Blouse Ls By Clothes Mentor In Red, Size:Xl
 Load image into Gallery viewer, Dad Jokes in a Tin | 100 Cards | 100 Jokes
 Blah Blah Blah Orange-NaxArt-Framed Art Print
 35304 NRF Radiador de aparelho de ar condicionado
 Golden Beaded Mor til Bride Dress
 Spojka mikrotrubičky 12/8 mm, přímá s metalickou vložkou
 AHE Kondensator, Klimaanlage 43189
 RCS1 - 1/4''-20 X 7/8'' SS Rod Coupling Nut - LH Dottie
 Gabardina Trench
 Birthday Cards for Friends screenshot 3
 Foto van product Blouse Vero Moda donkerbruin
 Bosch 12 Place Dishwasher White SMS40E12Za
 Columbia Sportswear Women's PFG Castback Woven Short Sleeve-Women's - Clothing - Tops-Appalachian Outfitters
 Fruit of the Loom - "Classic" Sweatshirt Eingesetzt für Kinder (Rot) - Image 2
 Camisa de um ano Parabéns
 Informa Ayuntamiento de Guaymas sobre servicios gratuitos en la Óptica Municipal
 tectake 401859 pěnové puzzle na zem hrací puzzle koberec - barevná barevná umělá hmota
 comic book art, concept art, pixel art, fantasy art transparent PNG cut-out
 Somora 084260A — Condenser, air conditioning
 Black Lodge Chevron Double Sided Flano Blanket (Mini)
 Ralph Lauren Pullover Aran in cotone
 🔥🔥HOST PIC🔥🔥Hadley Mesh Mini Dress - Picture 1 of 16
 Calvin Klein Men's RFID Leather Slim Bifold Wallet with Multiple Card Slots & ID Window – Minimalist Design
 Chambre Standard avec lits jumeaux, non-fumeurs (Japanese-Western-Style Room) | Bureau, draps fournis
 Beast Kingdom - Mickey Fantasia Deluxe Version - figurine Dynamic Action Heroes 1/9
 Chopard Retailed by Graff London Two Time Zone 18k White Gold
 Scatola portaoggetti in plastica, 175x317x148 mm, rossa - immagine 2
====
● **What needs to be done**
The answer must be the line containing "Fruit of the" and every line after it to the end of the data, exactly as written.

● **Answer box**
 Fruit of the Loom - "Classic" Sweatshirt Eingesetzt für Kinder (Rot) - Image 2
 Camisa de um ano Parabéns
 Informa Ayuntamiento de Guaymas sobre servicios gratuitos en la Óptica Municipal
 tectake 401859 pěnové puzzle na zem hrací puzzle koberec - barevná barevná umělá hmota
 comic book art, concept art, pixel art, fantasy art transparent PNG cut-out
 Somora 084260A — Condenser, air conditioning
 Black Lodge Chevron Double Sided Flano Blanket (Mini)
 Ralph Lauren Pullover Aran in cotone
 🔥🔥HOST PIC🔥🔥Hadley Mesh Mini Dress - Picture 1 of 16
 Calvin Klein Men's RFID Leather Slim Bifold Wallet with Multiple Card Slots & ID Window – Minimalist Design
 Chambre Standard avec lits jumeaux, non-fumeurs (Japanese-Western-Style Room) | Bureau, draps fournis
 Beast Kingdom - Mickey Fantasia Deluxe Version - figurine Dynamic Action Heroes 1/9
 Chopard Retailed by Graff London Two Time Zone 18k White Gold
 Scatola portaoggetti in plastica, 175x317x148 mm, rossa - immagine 2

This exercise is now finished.